§ EXERCISE
Word-for-word repetition of the records below is needed, but only from the line holding "Right-Angle Weave: Basic" through the final line, with pictures excluded.

§ PROVIDED RECORDS

-- Opening Marker --

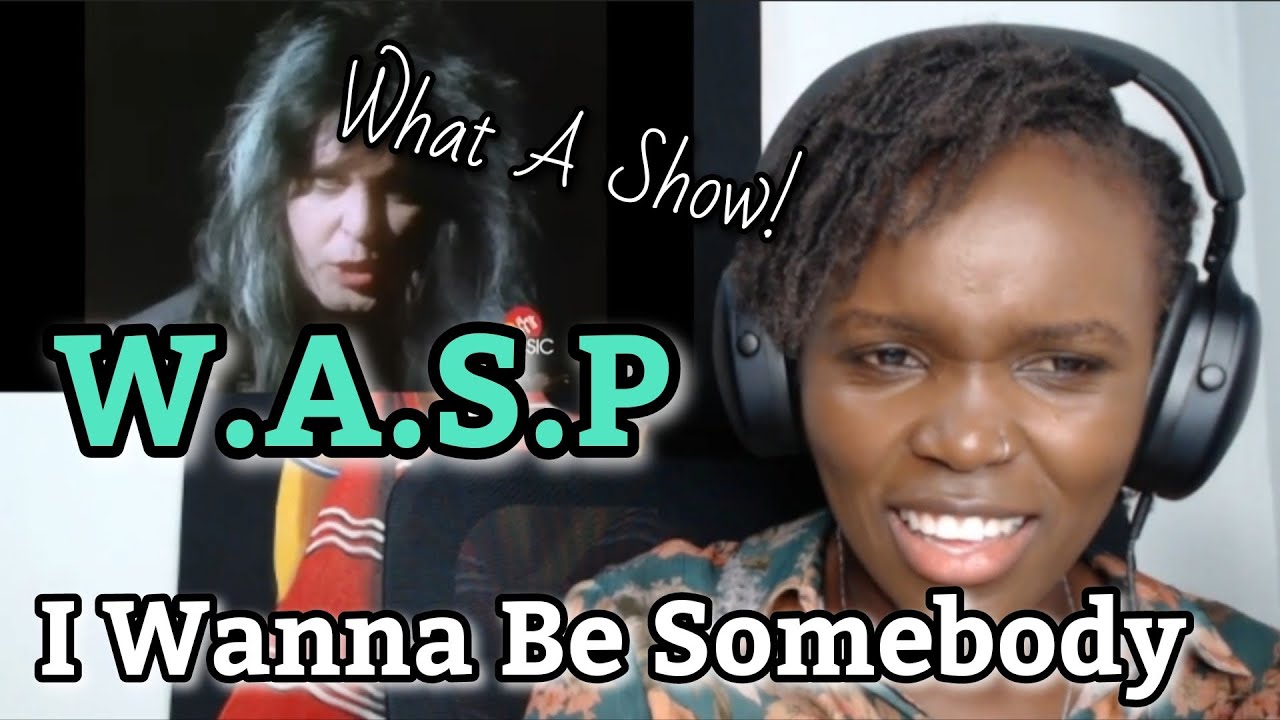 African Girl Reacts To W.A.S.P - I Wanna Be Somebody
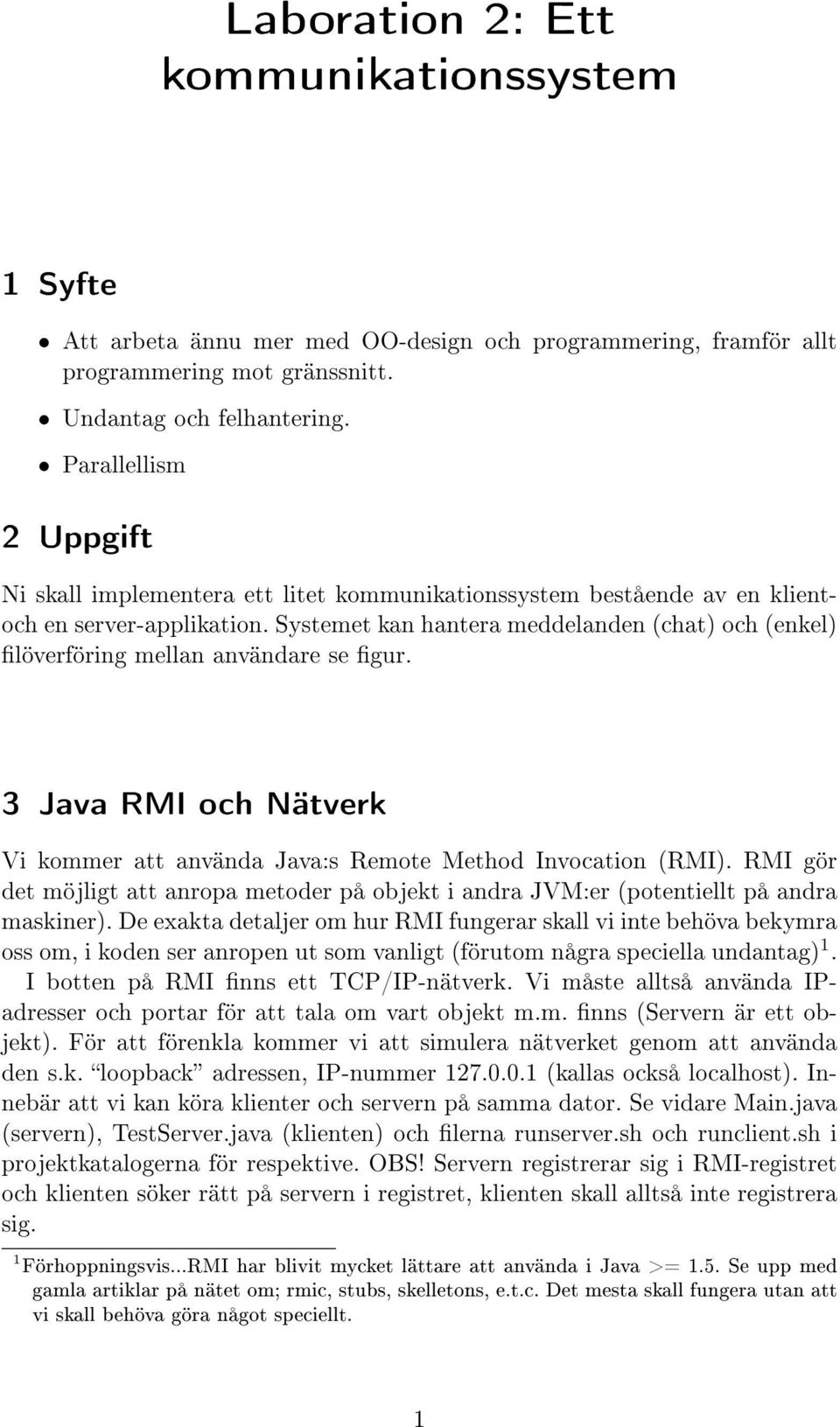 Systemet kan hantera meddelanden (chat) och (enkel) löverföring mellan användare se gur. 3 Java RMI och Nätverk Vi kommer att använda Java:s Remote Method Invocation (RMI).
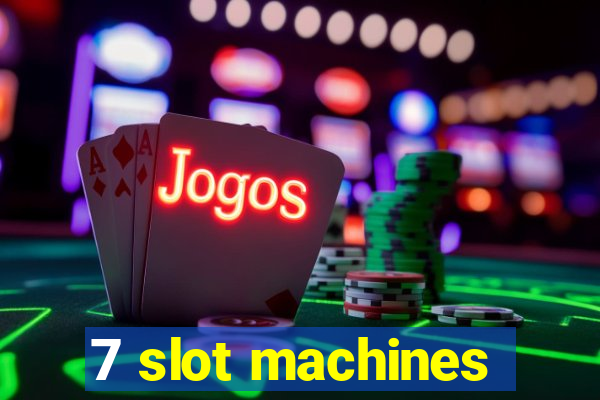 7 slot machines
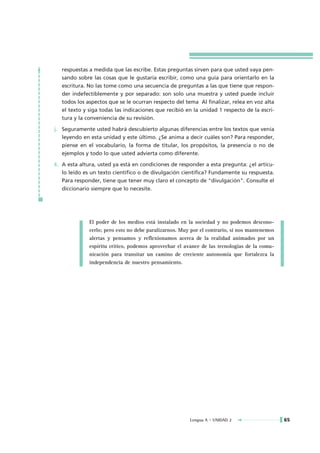 respuestas a medida que las escribe. Estas preguntas sirven para que usted vaya pen-
   sando sobre las cosas que le gustaría escribir, como una guía para orientarlo en la
   escritura. No las tome como una secuencia de preguntas a las que tiene que respon-
   der indefectiblemente y por separado: son solo una muestra y usted puede incluir
   todos los aspectos que se le ocurran respecto del tema Al finalizar, relea en voz alta
   el texto y siga todas las indicaciones que recibió en la unidad 1 respecto de la escri-
   tura y la conveniencia de su revisión.

j. Seguramente usted habrá descubierto algunas diferencias entre los textos que venía
   leyendo en esta unidad y este último. ¿Se anima a decir cuáles son? Para responder,
   piense en el vocabulario, la forma de titular, los propósitos, la presencia o no de
   ejemplos y todo lo que usted advierta como diferente.

k. A esta altura, usted ya está en condiciones de responder a esta pregunta: ¿el artícu-
   lo leído es un texto científico o de divulgación científica? Fundamente su respuesta.
   Para responder, tiene que tener muy claro el concepto de "divulgación". Consulte el
   diccionario siempre que lo necesite.




              El poder de los medios está instalado en la sociedad y no podemos descono-
              cerlo; pero esto no debe paralizarnos. Muy por el contrario, si nos mantenemos
              alertas y pensamos y reflexionamos acerca de la realidad animados por un
              espíritu crítico, podemos aprovechar el avance de las tecnologías de la comu-
              nicación para transitar un camino de creciente autonomía que fortalezca la
              independencia de nuestro pensamiento.




                                                        Lengua A • UNIDAD 2                    65
 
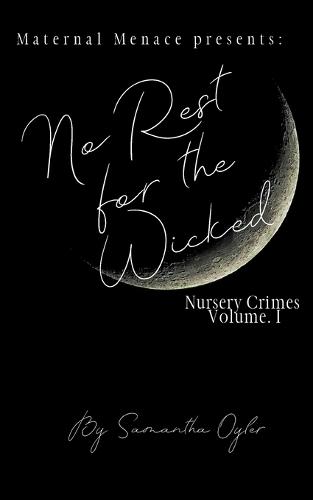 No Rest for the Wicked: Nursery Crimes, Volume I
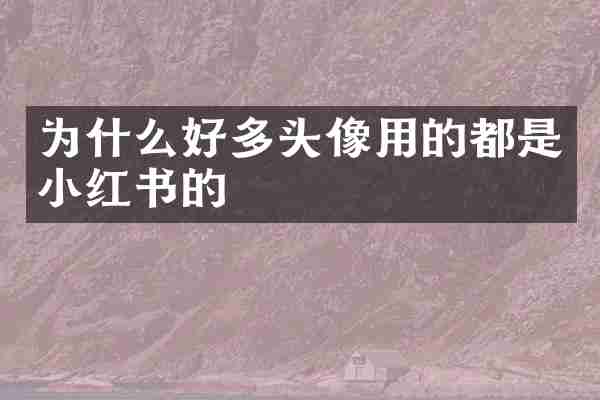 为什么好多头像用的都是小红书的
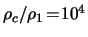 $ \rho_c/\rho_1\!=\!10^4$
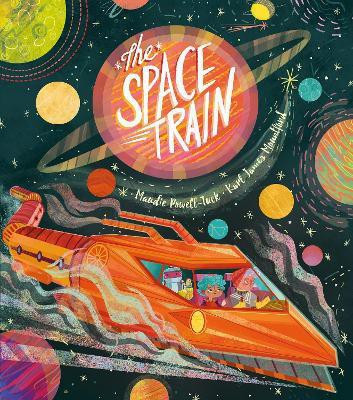 The Space Train(English, Paperback, Powell-Tuck Maudie)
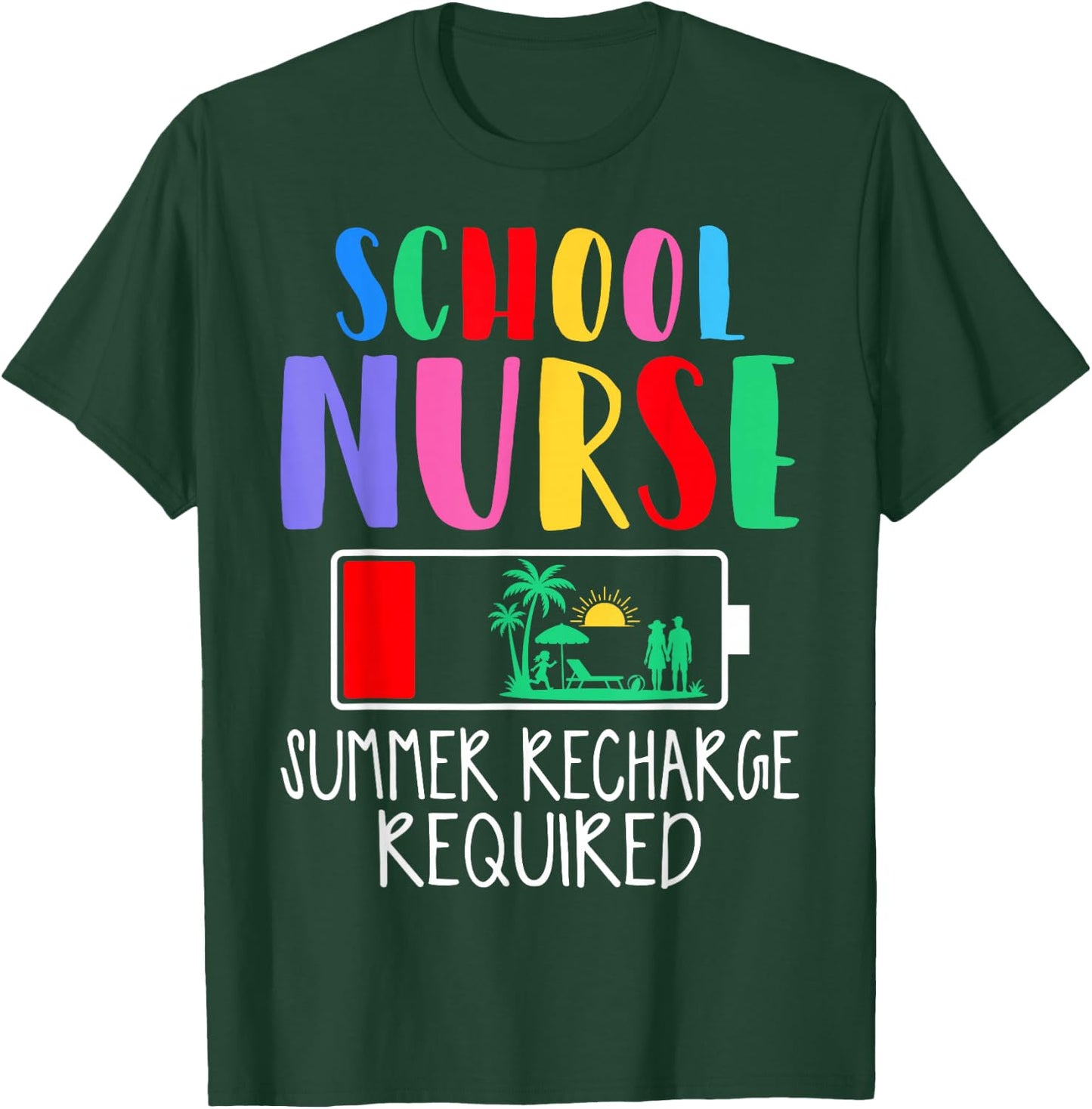 School Nurse Summer Recharge Required T-Shirt - T-Shirt | Forest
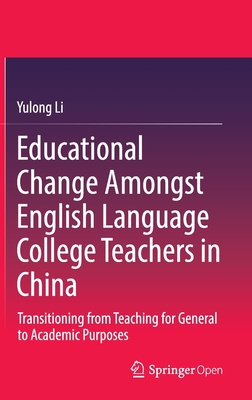 Educational Change Amongst English Language Col... 9811530521 Book Cover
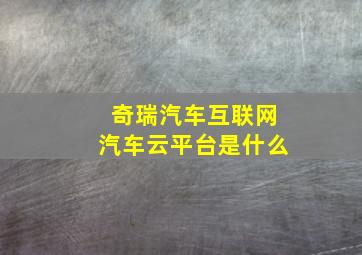 奇瑞汽车互联网汽车云平台是什么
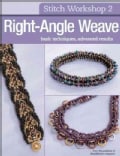 Right-Angle Weave: Basic Techniques, Advanced Results (Paperback)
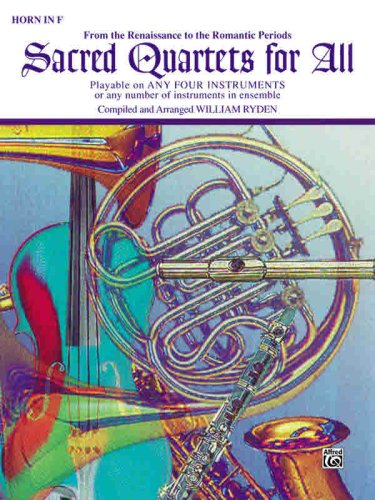Sacred Quartets for All (From the Renaissance to the Romantic Periods): Horn in F (Sacred Instrumental Ensembles for All Instrumental Series)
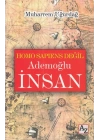Homo Sapiens Değil Ademoğlu İnsan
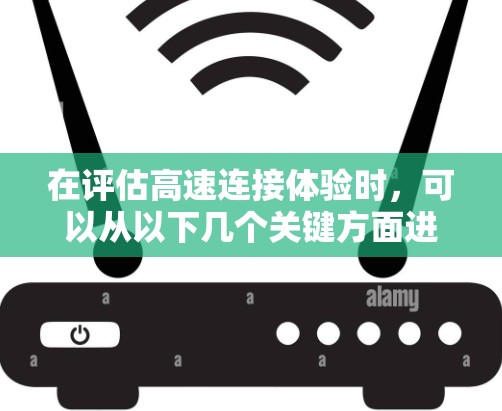 在评估高速连接体验时，可以从以下几个关键方面进行综合考量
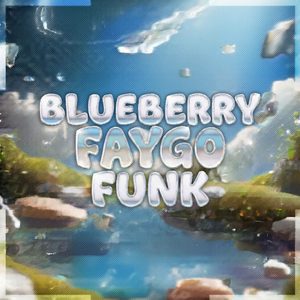 BLUEBERRY FAYGO FUNK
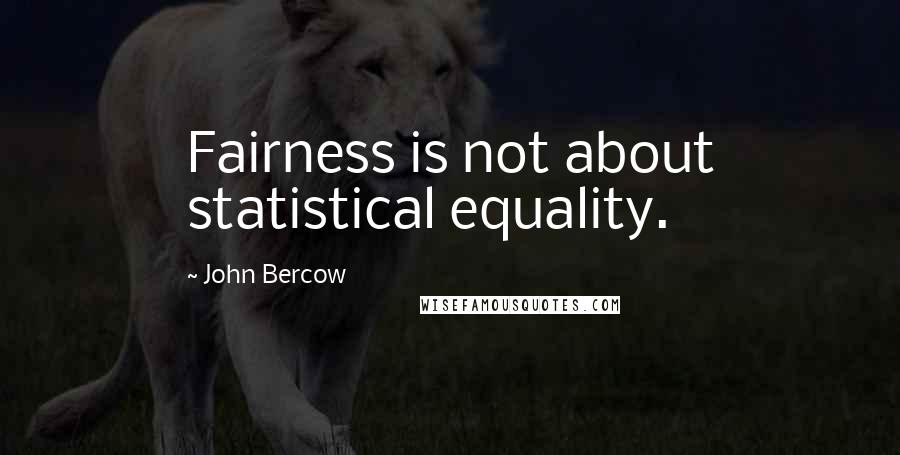 John Bercow Quotes: Fairness is not about statistical equality.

-- Closing Marker --

§ THE ANSWER
 Right-Angle Weave: Basic Techniques, Advanced Results (Paperback)
Sacred Quartets for All (From the Renaissance to the Romantic Periods): Horn in F (Sacred Instrumental Ensembles for All Instrumental Series)
Homo Sapiens Değil Ademoğlu İnsan
 在评估高速连接体验时，可以从以下几个关键方面进行综合考量
 BLUEBERRY FAYGO FUNK
 John Bercow Quotes: Fairness is not about statistical equality.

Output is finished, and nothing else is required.